Writing about this has given me some relief. I know this is a bit raw today, but sometimes I just need to be that raw. There was no ceremony for my son. I was one or two weeks shy of his being declared a "stillborn" instead of a "miscarriage." One week more and he would have been a "real" person in the eyes of the law. No funeral happened. A few people grieved with me, but none as hard as me and no where in public. Then about this time of the year -- a friend from high school was killed. Her father, an ex-cop, had not been able to deal with the fact that his daughter had become legally blind. One night, he took a gun and shot his wife, his daughter (my friend) and himself. The triple funeral was an incredibly shocking event, attended by a large number of people who needed to be with each other to understand how something like this could happen. I took the morning off and went to the funeral.

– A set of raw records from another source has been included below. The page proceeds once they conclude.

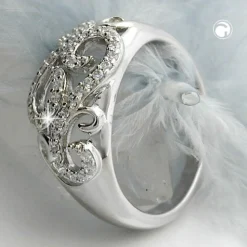 Ring Damenring mit weißen Zirkonia auf dem Muster 925 Silber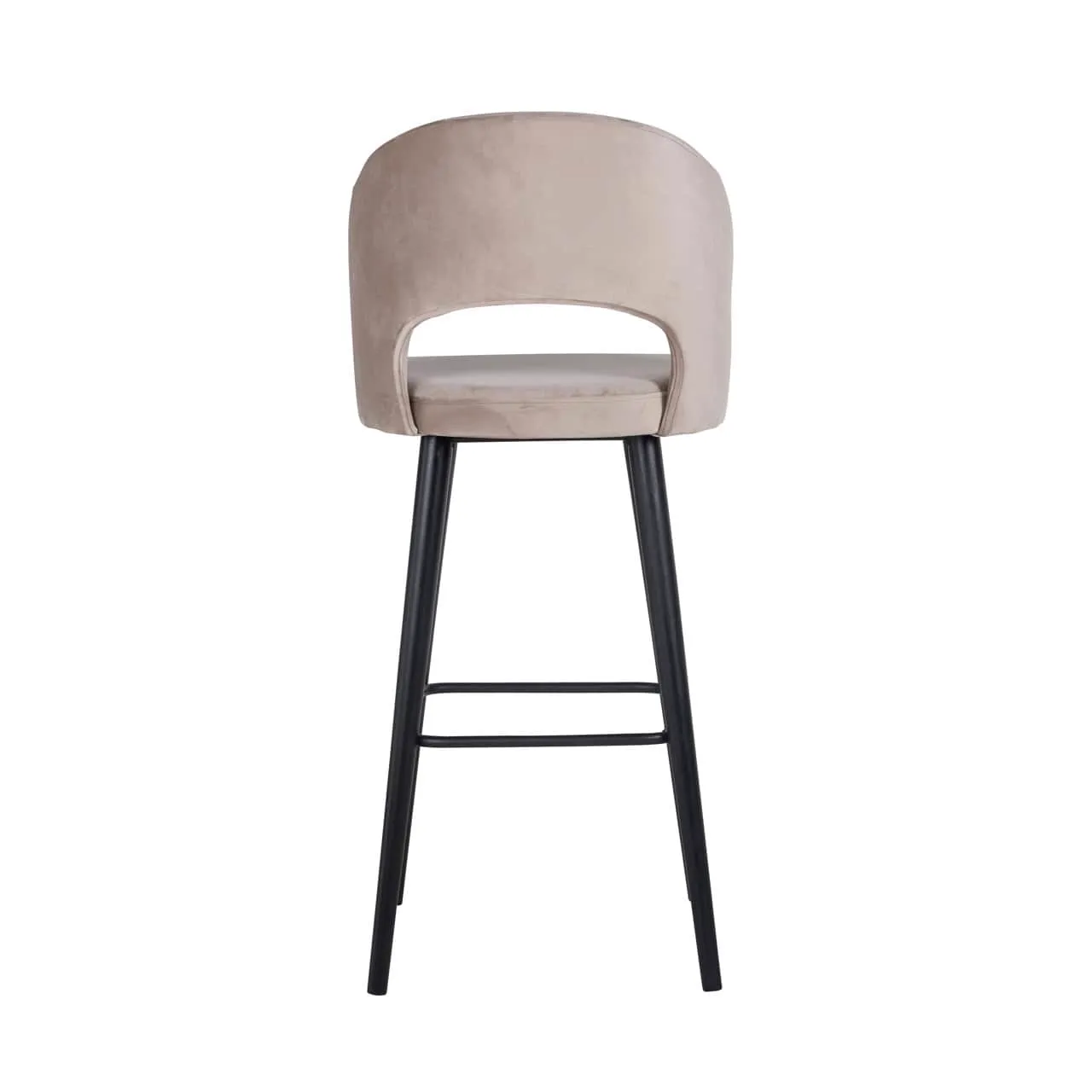 Barhocker Savoy khaki Samt, von vorne fotografiert auf weißem Hintergrund - Richmond Interiors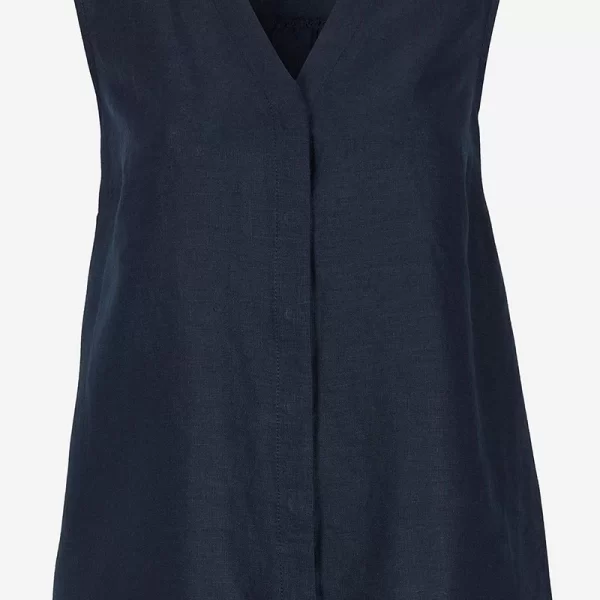 Αμάνικο λινό πουκάμισο με V λαιμόκοψη σε μπλε σκούρο χρώμα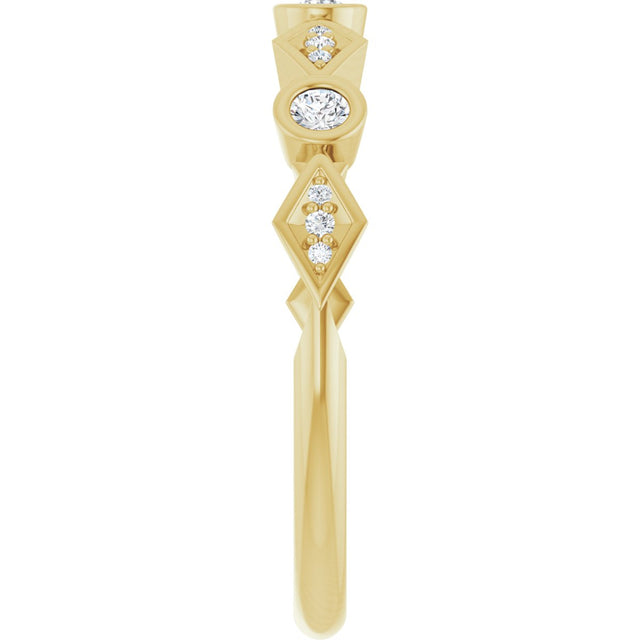 14K Gold Round Lab-Grown Diamond Three-Stone Anniversary Band – 1/8 CTW - Yellow Gold - view 4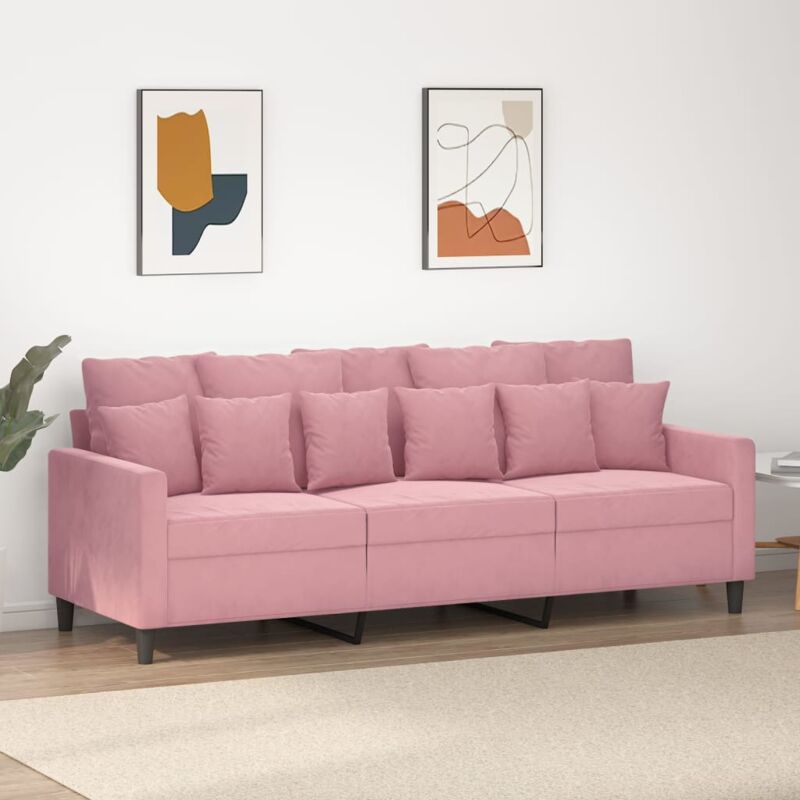 Vidaxl - Canapé à 3 places Rose 180 cm Velours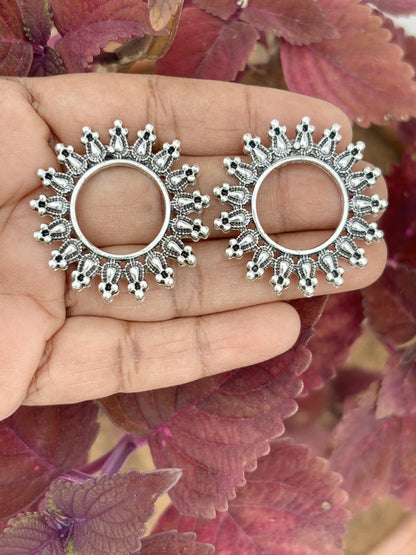 Flower Shaped Oxidised Silver Large Studs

Not because I had been particularly close to this family. I, in fact, had not seen my friend from high school for several years. I went because I needed to be around people who were thinking and talking about death. I needed to be at a grieving place. I didn't talk about my personal grief, but just being there helped me have some closure.
There are several lamenting rituals practiced around the world. I read about them as part of my dissertation research because I wondered about the different ways people confess their thoughts and feelings to each other. I'll end this lament with a description from my dissertation that I drew from Deborah Tannen's work about how men and women talk:
"Karen blended her career stories with stories of her family, especially her father's illness and death, and stories of her own body, which experienced physical symptoms as she coped with the balance between caretaking as a daughter and mother with caretaking as a nurse. This refusal to divide her world into compartments could be read several ways . I again turned to Deborah Tannen's work.
"Tannen identified the differences between men's and women's talking styles. In her discussion of gossip, she touched upon the purpose of lamenting in talk between women. She discussed the work of folklorist Anna Caraveli, who recorded a Greek ritual in which women share laments over losses through ritualized poetry, and the work of Joel Kuipers, who studied a women's lamenting ritual in Bali. This ritual required both the lamenter, a woman who recited the ritual and the audience, women who listened and shared in the grief offered in the ritual:
"When the Greek women gather to share laments, each one's expression of grief reminds the others of their own suffering, and they intensify each other's feelings. Indeed both Caraveli and anthropologist Joel Kuipers, who has studied a similar lament tradition in Bali, note that women judge each other's skill in this folk art by their ability to move others, to involve them in the experience of grieving. Expressing the pain they feel is losing loved ones bonds the women to each other, and their bonding is a salve against the wound of loss (Tannen 1990, p. 100)."
I know this was raw today. Thanks for listening.